CBD, short for cannabidiol, began to make waves in 2018, as it was believed to have some effect on a variety of health issues, from inflammation to diabetes. It was soon popping up in products relating to skincare and pain relief. Even some athletes were openly supporting it as a way to boost both energy and workout recovery. But what exactly is it and how is it making its way into our food and drink?
As its name suggests, CBD is derived from cannabis and hemp. A close cousin to THC, the idea driving it as a trend is its ability to relieve pain and anxiety without the psychoactive side effects normally associated with THC. You get what that means. So, as cannabis is slowly starting to become legalized in states across America, so too is CBD making its presence known.

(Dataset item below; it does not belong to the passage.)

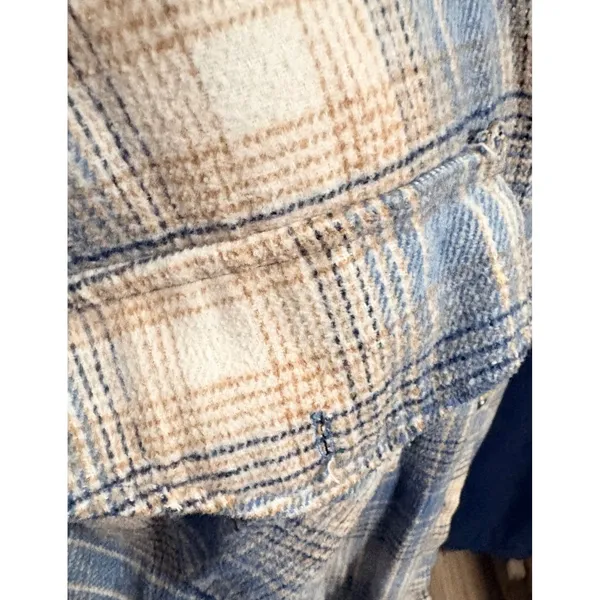 Active USA Blue Tan‎ Plaid Wool Blend Shacket Button Front Jacket Large J12525 - Image 2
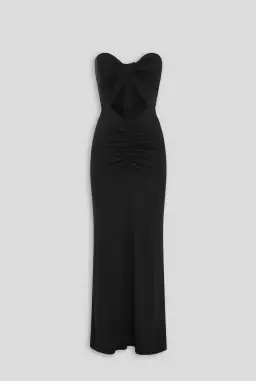 Venroy Draped Cutaway Strapless Dress Black Size AU 10 for rent on The Volte - image 5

You won’t find CBD as a widespread ingredient just yet, but there are products out there already that use it and like to flaunt its supposed health benefits. One example of this is a drink called Vybes, an organic, CBD-infused beverage sold in 19 states. It comes in flavors like Peach Ginger and Strawberry Lavender. Trendy coffee shops serve it as an add-on and a doughnut shop in Denver even has a CBD glaze for one of their popular menu items.
For many people, CBD’s calming effects are exactly what they want or need, but because of federal laws, serving it can still be a problem for trend-setting bars and restaurants. Regulators in New York City and Los Angeles, for example, have ordered restaurants not to add it to food and drinks. Still, small operations continue to do so as the demand rises.
Despite the praise CBD has been getting lately, most of what we hear about it is unofficial and second-hand. There have been studies done to show that it has positive effects on seizures, for example, but very few others to back up the anti-anxiety and pain relief it is more generally associated with. A lot of this is because of federal regulations that make those kinds of studies difficult.
That doesn’t stop the hype machine, though. CBD is still gaining traction, especially in the cocktail scene, where there are already CBD-focused bars in places like New York City. There’s even talk of it being specifically used in alcohol-free or low-ABV cocktails as a counter to the negative effects of alcohol.
What can be taken from all of this is clear: While CBD is trendy and shows promise through many of the health benefits marketers hold on to, there just isn’t enough scientific evidence to back them up yet. For the time being, it’s just the new “it” ingredient, as noted by some of America’s leading culinary professionals. When you’re even seeing it marketed to your pet, that’s a sure sign it’s here to stay. At least for a while.